Exercise brief: Leaving out every picture, quote the data below exactly as it appears.

◆ ◆ ◆ ◆

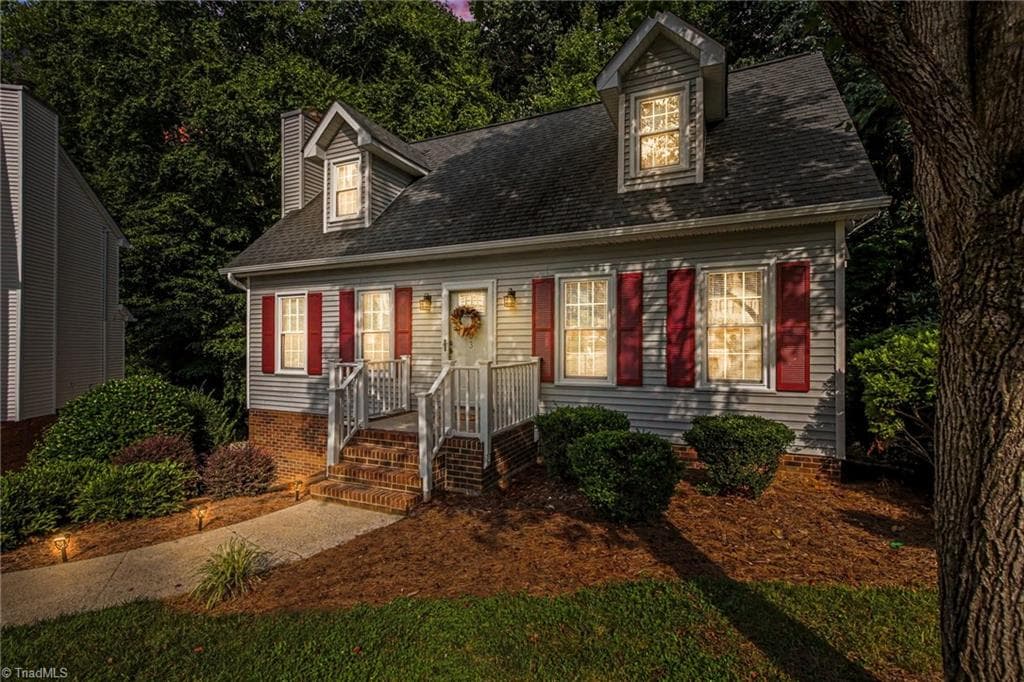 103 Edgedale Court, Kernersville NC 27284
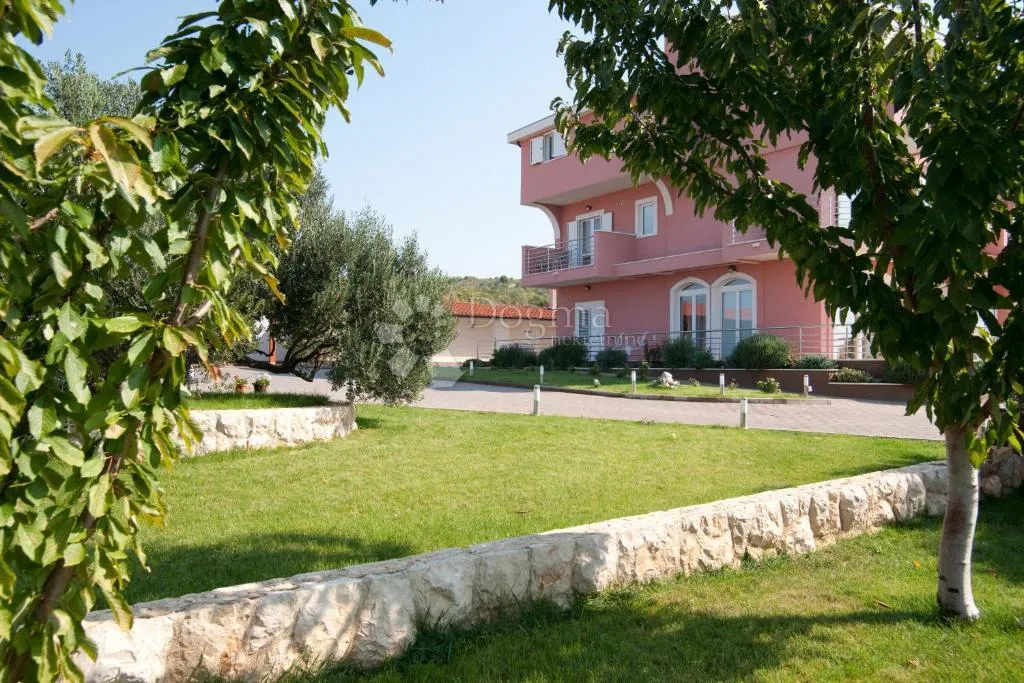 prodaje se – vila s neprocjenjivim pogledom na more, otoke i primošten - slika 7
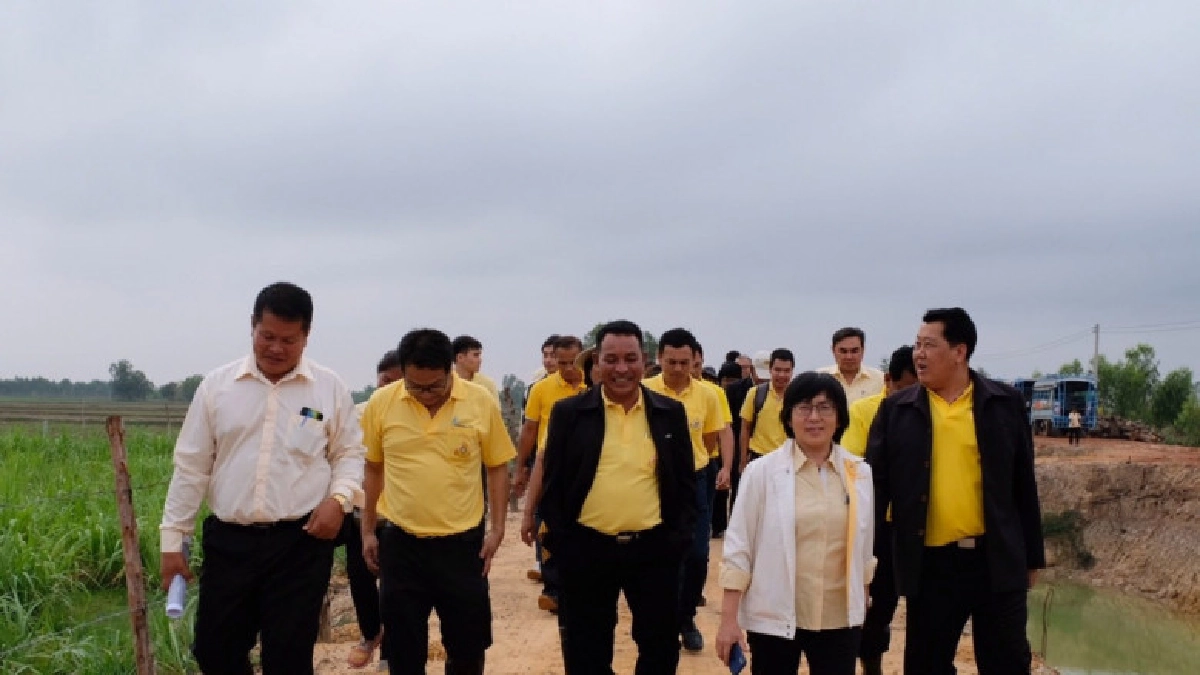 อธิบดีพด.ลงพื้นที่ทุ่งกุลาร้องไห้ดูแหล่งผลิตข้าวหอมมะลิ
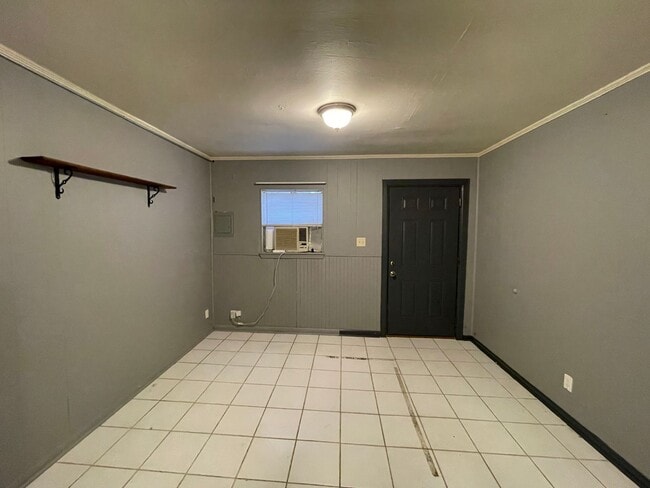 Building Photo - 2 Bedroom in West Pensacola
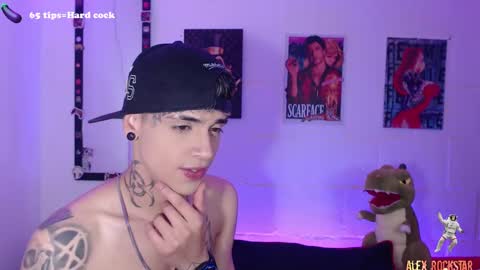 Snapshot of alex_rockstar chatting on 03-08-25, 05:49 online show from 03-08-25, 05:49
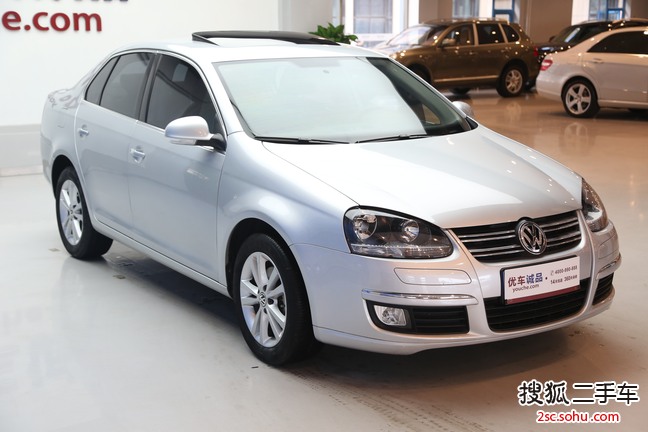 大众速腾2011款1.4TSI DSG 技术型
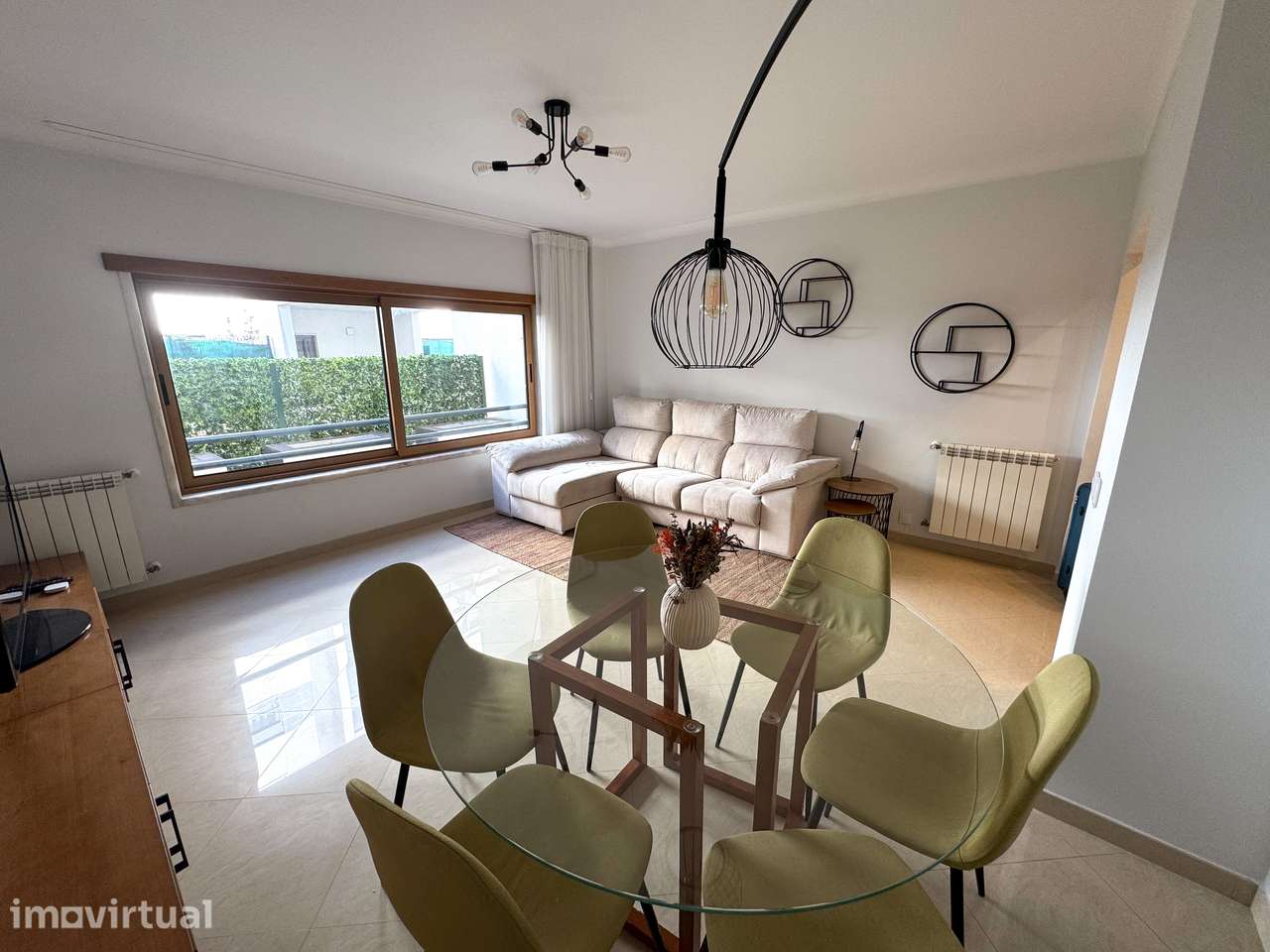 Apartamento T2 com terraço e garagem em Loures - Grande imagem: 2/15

◆ ◆ ◆ ◆

Response to this task:
 103 Edgedale Court, Kernersville NC 27284
 prodaje se – vila s neprocjenjivim pogledom na more, otoke i primošten - slika 7
 อธิบดีพด.ลงพื้นที่ทุ่งกุลาร้องไห้ดูแหล่งผลิตข้าวหอมมะลิ
 Building Photo - 2 Bedroom in West Pensacola
 Snapshot of alex_rockstar chatting on 03-08-25, 05:49 online show from 03-08-25, 05:49
 大众速腾2011款1.4TSI DSG 技术型
 Apartamento T2 com terraço e garagem em Loures - Grande imagem: 2/15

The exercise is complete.